Canopy is very sensitive to the value of T2: Too small a value will cause the creation of very many canopies in each mapper and these will swamp the reducer. I suggest you begin with T1=T2= <a larger value> until you get enough canopies. With CosineDistanceMeasure, a value of 1 ought to produce only a single canopy and you can go smaller until you get a reasonable number. There are also T3 and T4 arguments that allow you to specify the T1 and T2 values used by the reducer.

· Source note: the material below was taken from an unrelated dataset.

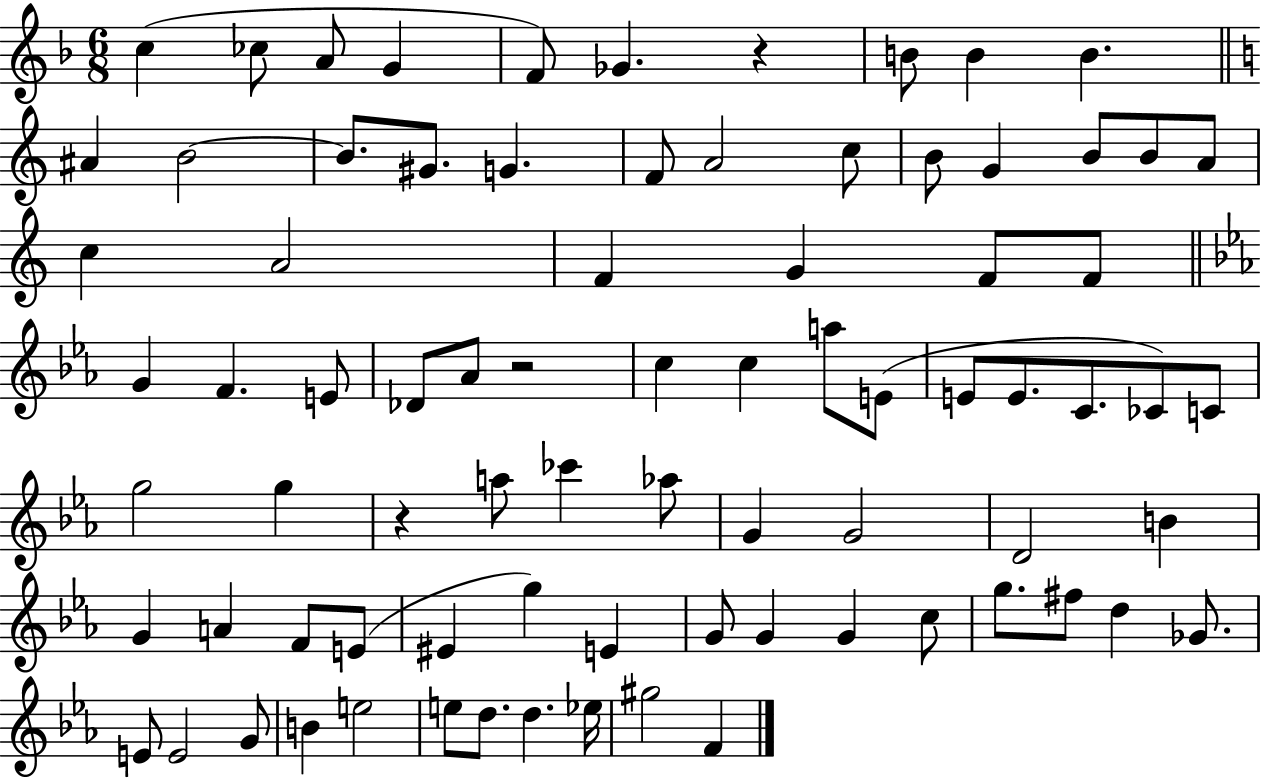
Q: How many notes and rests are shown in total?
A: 80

On 11/13/12 7:01 AM, Phoenix Bai wrote:
Hi All,

1) data size:
environment: company`s hadoop clusters.
Raw data: 12M
tfidf vectors: 25M (ng is set to 2)

2) running command:
tfidf vectors is feed to canopy and run the command below:

hadoop jar $MAHOUT_HOME/mahout-core-0.5-job.jar
org.apache.mahout.clustering.canopy.CanopyDriver
-Dmapred.max.split.size=4000000 \
-i /mahout/vectors/tbvideo-vectors/tfidf-vectors \
-o /mahout/output/tbvideo-canopy-centroids/ \
-dm org.apache.mahout.common.distance.CosineDistanceMeasure \
-t1 0.70 -t2 0.3

3) canopy running status:
and the MR runs like forever. I mean, map could finish very quickly while
the reducer task always hang at 66% like below:

12/11/13 16:29:00 INFO mapred.JobClient:  map 96% reduce 0%
12/11/13 16:29:07 INFO mapred.JobClient:  map 96% reduce 30%
12/11/13 16:29:26 INFO mapred.JobClient:  map 100% reduce 30%
12/11/13 16:29:41 INFO mapred.JobClient:  map 100% reduce 66%
12/11/13 19:34:39 INFO mapred.JobClient:  map 100% reduce 0%
12/11/13 19:34:47 INFO mapred.JobClient: Task Id :
attempt_201210311519_1936030_r_000000_0, Status : FAILED
java.io.IOException: Task process exit with nonzero status of 137.
  at org.apache.hadoop.mapred.TaskRunner.run(TaskRunner.java:456)
12/11/13 19:35:06 INFO mapred.JobClient:  map 100% reduce 66%

or sometimes erorr like this:

000000_0, Status : FAILED
Task attempt_201210311519_1900983_r_000000_0 failed to report status
for 600 seconds. Killing!

Here is the jstack dump when it gets to 66%:

  *
"main" prio=10 tid=0x000000005071a000 nid=0x7ab8 runnable [0x0000000040a3a000]
    java.lang.Thread.State: RUNNABLE
         at 
org.apache.mahout.math.OrderedIntDoubleMapping.find(OrderedIntDoubleMapping.java:83)
         at 
org.apache.mahout.math.OrderedIntDoubleMapping.get(OrderedIntDoubleMapping.java:88)
         at 
org.apache.mahout.math.SequentialAccessSparseVector.getQuick(SequentialAccessSparseVector.java:184)
         at org.apache.mahout.math.AbstractVector.get(AbstractVector.java:138)
         at 
org.apache.mahout.clustering.AbstractCluster.formatVector(AbstractCluster.java:301)
         at 
org.apache.mahout.clustering.canopy.CanopyClusterer.addPointToCanopies(CanopyClusterer.java:163)
         at 
org.apache.mahout.clustering.canopy.CanopyReducer.reduce(CanopyReducer.java:44)
         at org.apache.mahout.clustering.canopy.CanopyReducer.reduce(CanopyRed
*
*ucer.java:29)
         at org.apache.hadoop.mapreduce.Reducer.run(Reducer.java:176)
         at 
org.apache.hadoop.mapred.ReduceTask.runNewReducer(ReduceTask.java:544)
         at org.apache.hadoop.mapred.ReduceTask.run(ReduceTask.java:407)
         at org.apache.hadoop.mapred.Child.main(Child.java:167)*

**
4) So, my question is,

what is wrong? why it always hang at 66%?
I thought canopy is a faster algorithm when comparing to kmeans.
but in this case, kmeans could run whole lot faster than canopy.
I run the canopy several times across two days, and never get to see the
end.
it always throws errors whenever get to the 66% of reducing process.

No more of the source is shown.